Рио-Саладо постепенно пустел, и перспектив у меня было не больше, чем у человека, выжившего после кораблекрушения и плывущего куда глаза глядят по воле волн. Улицы, сады, царивший в кафе гам, шутки крестьян, часто совершенно неуместные, для меня больше ровным счетом ничего не значили. Каждое утро я с нетерпением ждал вечера, чтобы укрыться от хаоса дня, а ночью, в постели, ужасался от мысли, что назавтра вновь проснусь посреди этого всепоглощающего вакуума. Я все чаще оставлял аптеку на Жермену, а сам отправлялся по оранским борделям. Нет, с проститутками я не спал и довольствовался лишь тем, что слушал, как они рассказывали о своей суматошной жизни и на чем свет стоит поносили несбывшиеся мечты. Их презрение к иллюзиям вселяло в меня уверенность. Говоря по правде, я искал Хадду. Для меня это вдруг приобрело огромную важность. Я жаждал ее найти, узнать, помнит ли она обо мне, может ли как-то помочь напасть на след матери. Но я опять же обманывал самого себя. Хадда уехала из Женан-Жато еще до трагедии, разыгравшейся в нашем патио, и никак не могла просветить меня по поводу всей этой истории. Я сам собирался ей все рассказать, чтобы тронуть ее сердце. Я нуждался в человеке, которому мог довериться и которого давно знал, чтобы найти с ним общий язык и установить доверительные отношения, потому что душевные узы с друзьями из Рио-Саладо с каждым днем становились все слабее и призрачнее… Хозяйка «Камелии» намекнула, что как-то ночью Хадда ушла с сутенером и больше не вернулась. Этот сводник был грубой скотиной с наколками на волосатых руках, изображавшими пронзенные кинжалом сердца и ругательства. А заодно посоветовала не лезть не в свои дела, если, конечно, я не хочу, чтобы местная газета написала обо мне в рубрике «Происшествия»… В тот же день, сойдя с подножки трамвая, я подумал, что узнал Люсетту, подругу моего детства, толкавшую перед собой детскую коляску.

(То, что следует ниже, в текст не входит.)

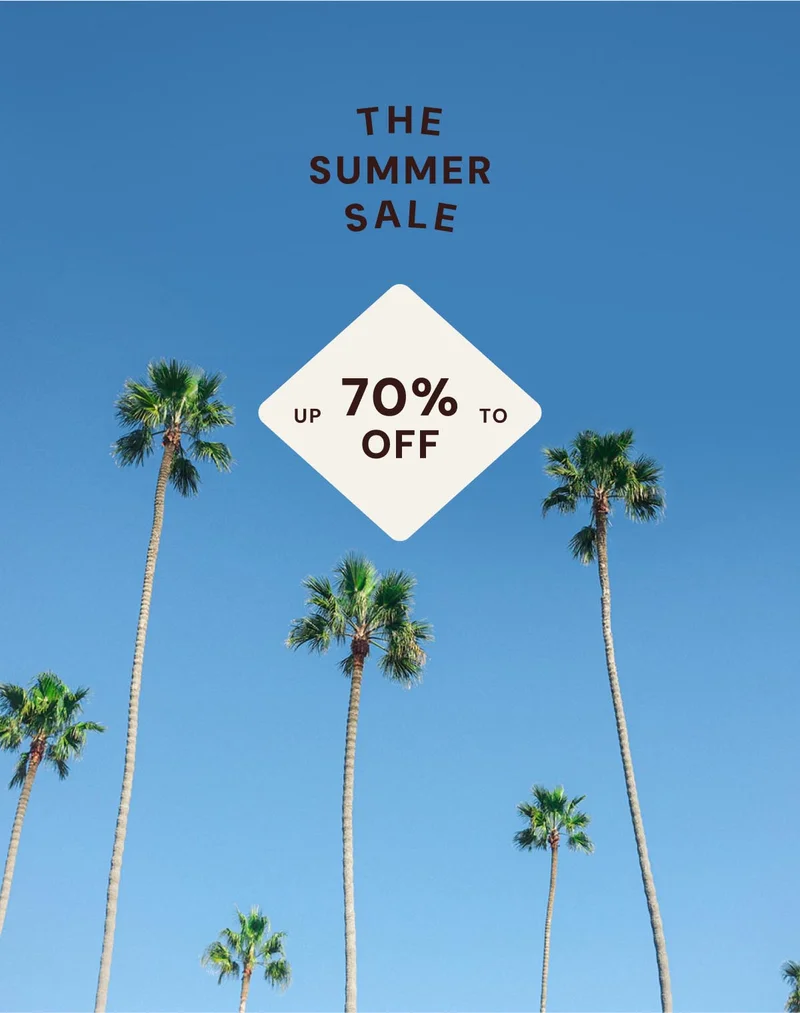 The summer sale Save up to 70%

Передо мной стояла упитанная, хорошо одетая дама в облегающем костюме и с белой шляпой на голове. Это была явно не Люсетта, та наверняка вспомнила бы и мою улыбку, и выразительную синеву глаз. Несмотря на красноречивое безразличие дамы, я долго смотрел ей вслед, но потом осознал всю непристойность подобной слежки и зашагал прочь по бульвару.
А затем я столкнулся с войной… С войной в натуральную величину. С суккубом Смерти и сожительницей Зла, неизменно собирающей богатый урожай. С другой реальностью, которой мне было страшно посмотреть в глаза. Газеты громоздили репортажи о вспышках агрессии, сотрясавших города и деревни, о рейдах по подозрительным бедуинским селениям, о массовом исходе населения, о кровопролитных стычках, прочесывании местности и резне. Мне все это казалось фикцией, мрачным романом с продолжением, которому нет ни конца ни края… И вдруг, в один прекрасный день, когда я потягивал оранжад в кафе на улице Фрон-де-Мер, прямо перед зданием остановился автомобиль, большой и черный, как катафалк, дверцы его распахнулись, и из них свинцовым дождем брызнули автоматные очереди. Выстрелы длились несколько секунд, затем потонули в визге шин, но в голове у меня раздавались еще долго. Зеваки разбежались в разные стороны, на тротуаре остались лежать тела. Повисла такая тишина, что крик чаек в ушах раздавался барабанным боем. Мне казалось, что я сплю и никак не могу проснуться. Не сводя глаз с убитых, я никак не мог справиться с дрожью. Рука трепетала, как ставень на ветру, расплескивая апельсиновый сок. Стакан выскользнул из пальцев, упал на пол и разбился, сосед по столику невпопад закричал. Из домов, магазинов, автомобилей выходили ошеломленные люди и, как лунатики, осторожно подходили к месту происшествия. Какая-то женщина упала без чувств в объятия своего спутника. Я не осмеливался даже пальцем пошевелить и окаменело сидел на стуле, раскрыв рот. Зазвучали свистки прибывших полицейских. Вскоре вокруг пострадавших собралась толпа. Всего в результате нападения погибли три человека, в том числе молодая девушка, еще пятеро получили ранения, причем один из них находился в тяжелом состоянии.
Я вернулся в Рио-Саладо и два дня подряд не выходил из комнаты.